Car on ne peut pas jouer avec les émotions impunément : il y faut beaucoup de patience, d'intelligence et de doigté. Et Ruth ZYLBERMAN a fait preuve de ces trois qualité, ainsi que d'une autre : une écriture au ton très juste, qui n'élimine pas les affects et les place à la bonne distance.

 

Cependant, c'est bien d'une "autobiographie d'un immeuble" qui nous mène jusqu'à aujourd'hui qu'il s'agit-là.

Et là encore avec une perception aigüe, et très juste à mon sens, de la "gentrification" opérée à Paris depuis les années 1980, et, dans cet immeuble, dans les années 2000 : un passage notamment en rend compte, celui de l'entrevue qu'elle a avec deux vieux locataires marocains, par l'intermédiaire d'un néo-propriétaire d'origine algérienne arrivé en France dans les années 1990, et cinéaste comme elle ( pp 310-314). "Ils me décrivent comment l'immeuble s'est vidé dans les années 1980 : les vieux mouraient ou partaient – ils n'étaient pas remplacés. Et puis sont arrivés les nouveaux, pas méchants mais pas proches non plus. Leur arrivée a irrémédiablement signé la fin d'un immeuble populaire où voisinaient de petites gens, où il était naturel de parler avec un accent, de s'entraider pour remplir des formulaires administratifs, pour faire face au monde extérieur normé, intégré; un immeuble où se nouait quotidiennement, sans grands mots, la solidarité instinctive de ceux qui ont si peu." (p 314)

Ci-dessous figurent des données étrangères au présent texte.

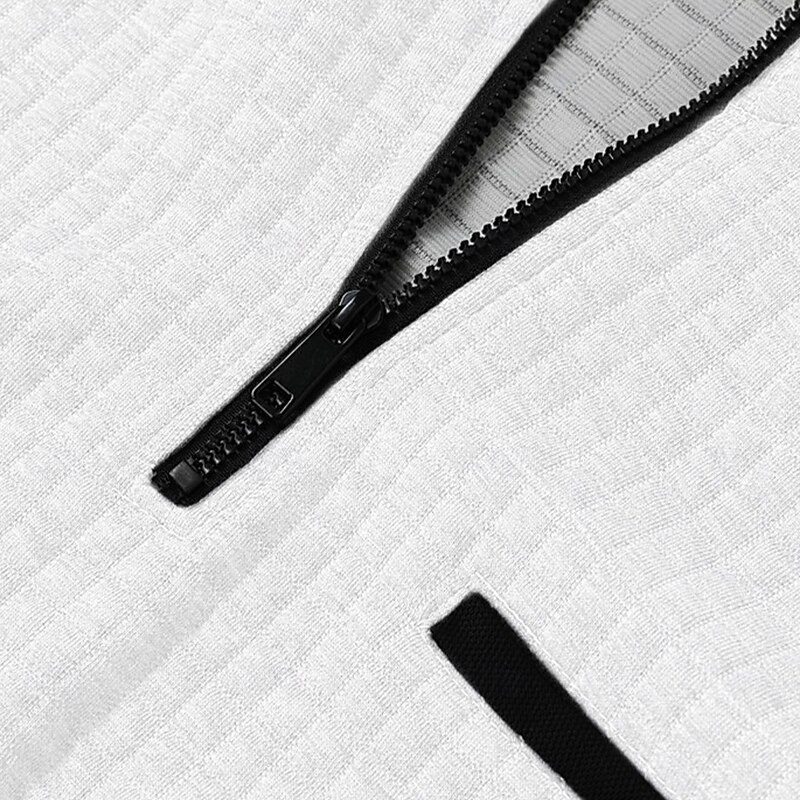 Men's Waffle Polo Shirts Zip Polo Casual Holiday Quarter Zip Short Sleeve Fashion Basic Plain Quarter Zip Summer Spring All Seasons Black White Navy Blue Orange Waffle Polo Shirts3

Car aux nombreux Juifs étrangers qui habitaient l'immeuble dans les années 1930-40, ont succédé dans les années 50-70 Portugais et Maghrébins.

 

Enfin, autre facette de ce travail au long cours, la longue quête dans les archives de ceux qui n'ont laissé derrière eux aucun survivant pour se souvenir et témoigner. Mais dont le souvenir doit aussi être exhumé pour parfaire cette "autobiographie", à la fois impossible et nécessaire. Et le croisement subtil du résultat de ces recherches avec les documents ou les souvenirs de descendants longuement recherchés, et parfois miraculeusement retrouvés.

Ainsi, peu à peu, sont comblés quelques-uns des nombreux trous de cette "autobiographie" espérée.

Le sens de cette entreprise, qui me parle tant, est en partie livré par cette citation de Walter BENJAMIN : "Le passé est chargé d'un indice secret qui le désigne pour la rédemption. Ne sommes-nous pas nous -mêmes effleurés par un souffle d'air qui a entouré ceux qui nous ont précédés ?" ( p 326)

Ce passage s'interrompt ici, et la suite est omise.